Etymology and usage of rugs

Etymology and usage

The term carpet comes from Old French carpite. One derivation of the term states that the French term came from the Old Italian carpita, from the verb “carpire” meaning to pluck. The Online Etymology Dictionary states that the term “carpet” was first used in English in the late 13th century, with the meaning “coarse cloth”, and by the mid-14th century, “tablecloth, [or] bedspread”.The Online Etymology Dictionary states that the term comes “…from Old French carpite “heavy decorated cloth, carpet,” from Medieval Latin or Old Italian carpita “thick woolen cloth,” probably from Latin carpere “to card, pluck,” probably so called because it was made from unraveled, shred[d]ed, “plucked” fabric”. The meaning of the term “carpet” shifted in the 15th century to refer to floor coverings.

The term “carpet” is often used interchangeably with the term “rug”. Some sources define a carpet as stretching from wall to wall.Another definition treats rugs as of lower quality or of smaller size, with carpets quite often having finished ends. A third common definition is that a carpet is permanently fixed in place while a rug is simply laid out on the floor. Historically, the term “carpet” was also applied to table and wall coverings, as carpets were not commonly used on the floor in European interiors until the 15th century.

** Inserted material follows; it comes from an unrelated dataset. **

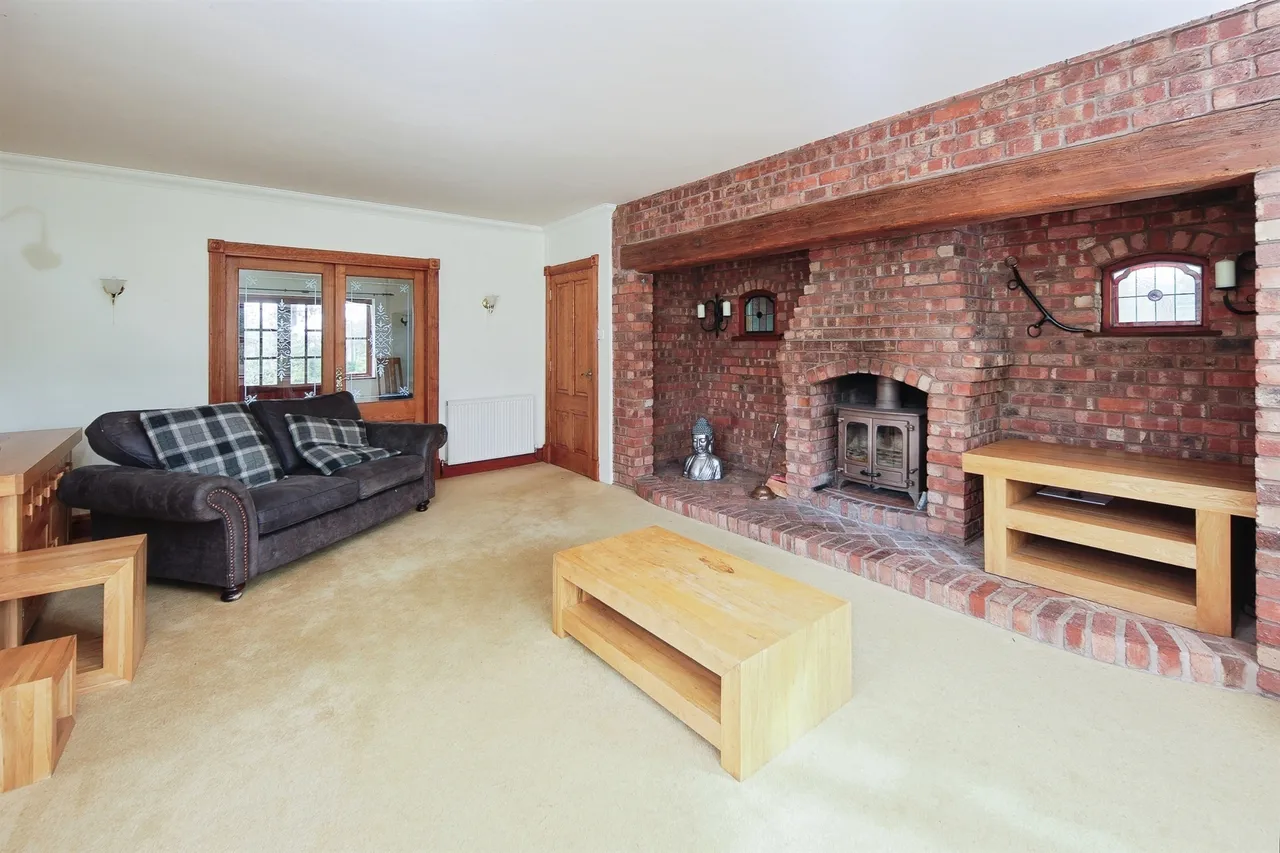 Green End Road, Fillongley, CV7, photo 5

The term “rug” was first used in English in the 1550s, with the meaning “coarse fabric”. The term is of “…Scandinavian origin; compare Norwegian dialectal rugga “coarse coverlet,” from Old Norse rogg “shaggy tuft,” from Proto-Germanic *rawwa-, perhaps related to rag (n.) and rough (adj.).”The meaning of “rug” “…evolved to “coverlet, wrap” (1590s), then “mat for the floor” (1808)”.